The `predict` function can be used directly on the training dataset:

In [None]:
# The first 10 predictions.
model.predict(tf_dataset, verbose=0)[:10]

## `model.predict(...)` and `model.predict_on_batch()` on dictionaries

In some cases, the `predict` function can be used with an array (or dictionaries of arrays) instead of TensorFlow Dataset.

The following example uses the previously trained model with a dictionary of NumPy arrays.

In [None]:
# The first 10 predictions.
model.predict({
    "feature_1": np.random.rand(100),
    "feature_2": np.random.rand(100),
    }, verbose=0)[:10]

In the previous example, the arrays are automatically batched. Alternatively, the `predict_on_batch` function can be used to make sure that all the examples are run in the same batch.

In [None]:
# The first 10 predictions.
model.predict_on_batch({
    "feature_1": np.random.rand(100),
    "feature_2": np.random.rand(100),
    })[:10]


**Note:** If `predict` does not work on raw data such as in the example above, try to use the `predict_on_batch` function or convert the raw data into a TensorFlow Dataset.

## Inference with the YDF format

This example shows how to run a TF-DF model trained with the CLI API ([one of the other Serving APIs](https://ydf.readthedocs.io/en/latest/serving_apis.html)). We will also use the Benchmark tool to measure the inference speed of the model.

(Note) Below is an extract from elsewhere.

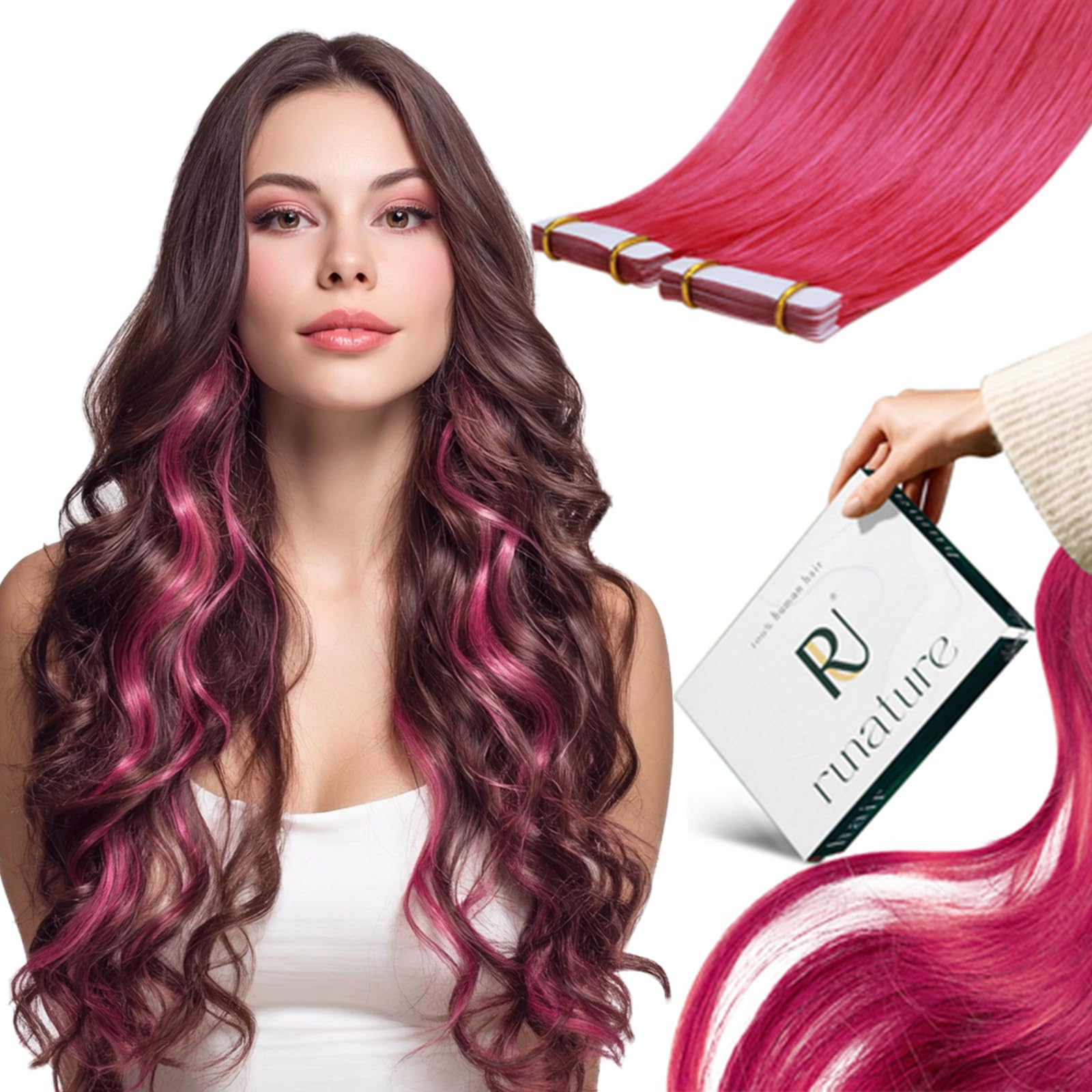 RUNATURE 12" Glue in Human Hair Extensions 10pcs 20g Hot Pink Fashion Color Tape in Seamless Skin Weft Hair Extensions for Girls Women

Let's start by training and saving a model:

In [None]:
model = tfdf.keras.GradientBoostedTreesModel(verbose=0)
model.fit(tfdf.keras.pd_dataframe_to_tf_dataset(pd_train_dataset, label="label"))
model.save("my_model")

Let's also export the dataset to a csv file:

In [None]:
pd_serving_dataset.to_csv("dataset.csv")

Let's download and extract the [Yggdrasil Decision Forests](https://ydf.readthedocs.io/en/latest/index.html) CLI tools.

In [None]:
!wget https://github.com/google/yggdrasil-decision-forests/releases/download/1.0.0/cli_linux.zip
!unzip cli_linux.zip

Finally, let's make predictions:

**Remarks:**


- TensorFlow Decision Forests (TF-DF) is based on the [Yggdrasil Decision Forests](https://ydf.readthedocs.io/en/latest/index.html) (YDF) library, and  TF-DF model always contains a YDF model internally. When saving a TF-DF model to disk, the TF-DF model directory contains an `assets` sub-directory containing the YDF model. This YDF model can be used with all [YDF tools](https://ydf.readthedocs.io/en/latest/cli_commands.html). In the next example, we will use the `predict` and `benchmark_inference` tools. See the [model format documentation](https://ydf.readthedocs.io/en/latest/convert_model.html) for more details.
- YDF tools assume that the type of the dataset is specified using a prefix, e.g. `csv:`. See the [YDF user manual](https://ydf.readthedocs.io/en/latest/cli_user_manual.html#dataset-path-and-format) for more details.

In [None]:
!./predict --model=my_model/assets --dataset=csv:dataset.csv --output=csv:predictions.csv

We can now look at the predictions:

In [None]:
pd.read_csv("predictions.csv")

The speed of inference of a model can be measured with the [benchmark inference](https://ydf.readthedocs.io/en/latest/benchmark_inference.html) tool.

**Note:** Prior to YDF version 1.1.0, the dataset used in the benchmark inference needs to have a `__LABEL` column.

In [None]:
# Create the empty label column.
pd_serving_dataset["__LABEL"] = 0
pd_serving_dataset.to_csv("dataset.csv")

In [None]:
!./benchmark_inference \
  --model=my_model/assets \
  --dataset=csv:dataset.csv \
  --batch_size=100 \
  --warmup_runs=10 \
  --num_runs=50

In this benchmark, we see the inference speed for different inference engines. For example, "time/example(us) = 0.6315" (can change in different runs) indicates that the inference of one example takes 0.63 micro-seconds. That is, the model can be run ~1.6 millions of times per seconds.

**Note:** TF-DF and the other API always automatically select the fastest inference engine available.